In an unexpected move, the People's Bank of China temporarily raised reserve requirements for six large commercial banks to control liquidity and stabilize the economy that has seen greater inflows from abroad.
The new rules will increase the ratio by 50 basis points and will remain in place for two months from their current level of 17 percent for the largest banks and 15 percent for smaller institutions, according to a Reuters report.
Analysts say the move is aimed at maintaining the current momentum in the economy as the government has taken measures to control the real estate market in order to avoid asset bubbles. There are no speculations about an increase in interest rates in the short term but the Yuan may see a surge, according to some experts with insider information about the Chinese economy.
The decision had a positive impact on the Shanghai Composite Index as it closed at 2.5 percent higher today, after seeing up to 3.1 percent gains on Oct. 8. Investors are rushing to invest in the Chinese economy as the Yuan's appreciating values have boosted their confidence.

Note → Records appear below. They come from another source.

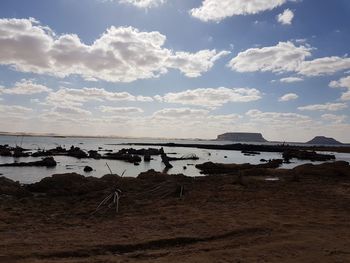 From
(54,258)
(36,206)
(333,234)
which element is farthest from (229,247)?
(36,206)

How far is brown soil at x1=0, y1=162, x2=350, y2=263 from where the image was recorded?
9367 mm

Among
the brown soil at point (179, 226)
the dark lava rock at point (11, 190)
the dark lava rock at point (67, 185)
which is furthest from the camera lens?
the dark lava rock at point (67, 185)

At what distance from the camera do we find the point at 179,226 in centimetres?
1256

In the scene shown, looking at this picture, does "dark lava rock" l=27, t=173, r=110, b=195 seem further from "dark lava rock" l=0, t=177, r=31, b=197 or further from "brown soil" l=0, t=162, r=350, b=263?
"dark lava rock" l=0, t=177, r=31, b=197

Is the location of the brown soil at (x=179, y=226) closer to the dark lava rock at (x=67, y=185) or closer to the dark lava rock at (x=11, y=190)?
the dark lava rock at (x=67, y=185)

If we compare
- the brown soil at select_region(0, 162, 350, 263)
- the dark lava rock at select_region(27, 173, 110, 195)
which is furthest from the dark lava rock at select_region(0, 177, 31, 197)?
the dark lava rock at select_region(27, 173, 110, 195)

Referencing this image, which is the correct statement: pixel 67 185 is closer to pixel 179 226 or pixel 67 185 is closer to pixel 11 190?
pixel 11 190

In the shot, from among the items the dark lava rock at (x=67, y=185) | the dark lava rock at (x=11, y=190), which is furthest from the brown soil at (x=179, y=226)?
the dark lava rock at (x=11, y=190)

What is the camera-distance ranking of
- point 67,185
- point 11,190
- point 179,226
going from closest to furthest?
point 179,226, point 11,190, point 67,185

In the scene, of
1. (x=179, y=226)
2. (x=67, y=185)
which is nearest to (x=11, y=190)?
(x=67, y=185)

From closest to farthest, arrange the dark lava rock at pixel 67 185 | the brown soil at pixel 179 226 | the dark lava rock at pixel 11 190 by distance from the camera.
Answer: the brown soil at pixel 179 226, the dark lava rock at pixel 11 190, the dark lava rock at pixel 67 185

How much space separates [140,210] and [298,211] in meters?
6.37

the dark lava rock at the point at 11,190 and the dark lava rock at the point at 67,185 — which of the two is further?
the dark lava rock at the point at 67,185

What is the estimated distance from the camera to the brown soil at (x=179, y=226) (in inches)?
369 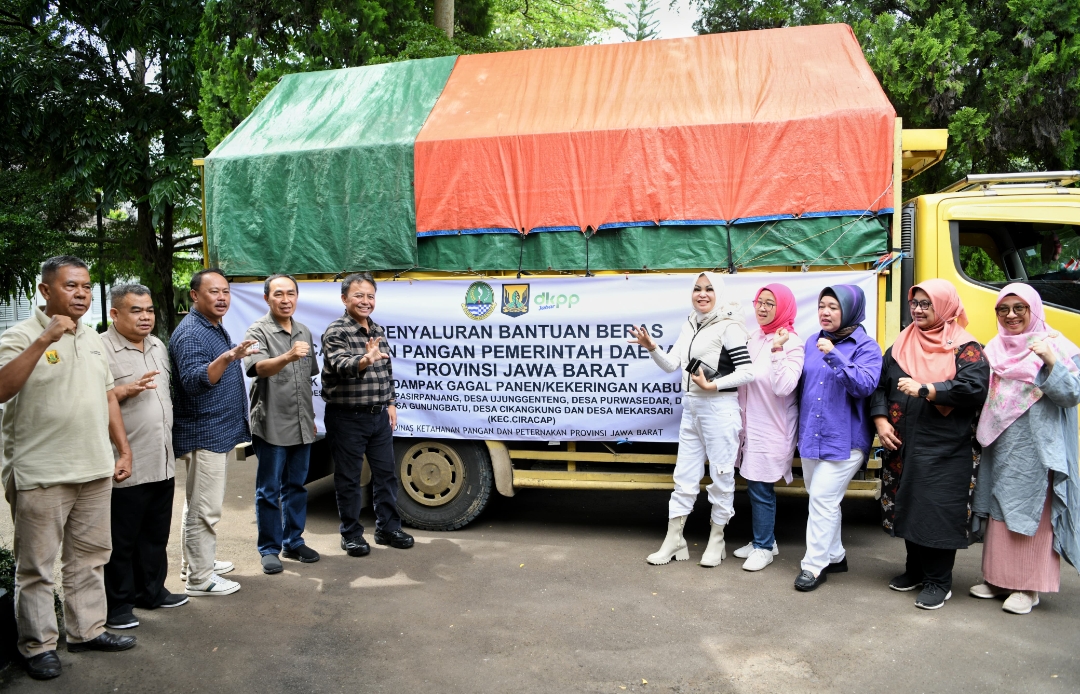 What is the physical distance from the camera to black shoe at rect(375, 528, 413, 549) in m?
5.47

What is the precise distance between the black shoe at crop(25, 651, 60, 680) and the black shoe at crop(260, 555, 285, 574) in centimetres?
149

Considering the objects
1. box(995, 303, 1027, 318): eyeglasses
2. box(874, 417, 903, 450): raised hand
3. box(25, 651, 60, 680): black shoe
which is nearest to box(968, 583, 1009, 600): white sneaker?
box(874, 417, 903, 450): raised hand

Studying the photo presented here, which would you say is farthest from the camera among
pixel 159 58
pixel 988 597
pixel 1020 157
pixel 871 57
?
pixel 159 58

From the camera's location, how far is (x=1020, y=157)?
1007 centimetres

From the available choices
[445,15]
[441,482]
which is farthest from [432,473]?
[445,15]

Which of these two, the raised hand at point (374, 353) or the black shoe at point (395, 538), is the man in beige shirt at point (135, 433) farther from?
the black shoe at point (395, 538)

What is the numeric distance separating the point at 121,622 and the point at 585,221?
3577 millimetres

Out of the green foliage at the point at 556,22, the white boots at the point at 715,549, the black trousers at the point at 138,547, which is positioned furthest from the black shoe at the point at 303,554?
the green foliage at the point at 556,22

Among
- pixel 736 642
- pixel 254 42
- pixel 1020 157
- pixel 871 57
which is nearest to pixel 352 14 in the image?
pixel 254 42

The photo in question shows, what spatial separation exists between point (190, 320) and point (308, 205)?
1675mm

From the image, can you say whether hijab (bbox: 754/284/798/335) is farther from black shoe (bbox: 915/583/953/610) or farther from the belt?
the belt

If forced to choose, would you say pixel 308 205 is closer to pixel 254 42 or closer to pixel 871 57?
pixel 254 42

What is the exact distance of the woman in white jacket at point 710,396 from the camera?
4863 millimetres

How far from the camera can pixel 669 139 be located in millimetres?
5246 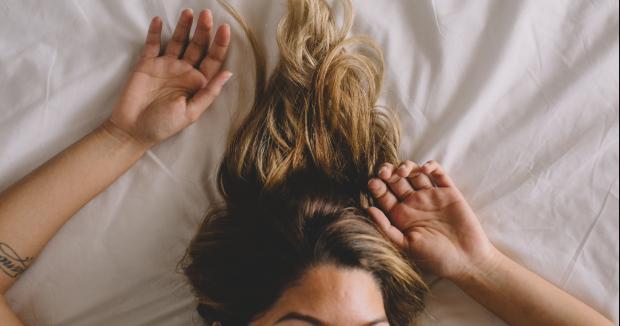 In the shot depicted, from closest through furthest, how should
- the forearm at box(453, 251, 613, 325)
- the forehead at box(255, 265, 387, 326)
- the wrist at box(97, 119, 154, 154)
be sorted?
the forehead at box(255, 265, 387, 326) → the forearm at box(453, 251, 613, 325) → the wrist at box(97, 119, 154, 154)

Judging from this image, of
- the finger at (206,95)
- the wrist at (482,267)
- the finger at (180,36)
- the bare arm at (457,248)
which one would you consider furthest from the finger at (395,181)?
the finger at (180,36)

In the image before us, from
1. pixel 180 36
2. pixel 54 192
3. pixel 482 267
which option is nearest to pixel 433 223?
pixel 482 267

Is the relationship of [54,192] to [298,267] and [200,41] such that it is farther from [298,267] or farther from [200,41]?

The central bank's governor Zhou Xiaochuan said Oct. 8 in Washington that the existing monetary policy tools had adequate impacts despite the fact that inflation reached 3.5 percent in August, the highest in 22 months. He hinted that China might keep rates at crisis lows; the current one-year lending rate is estimated to be around 5.31 percent.
The central bank has not yet released the lending data and estimates of the country's foreign exchange reserves for the month of September.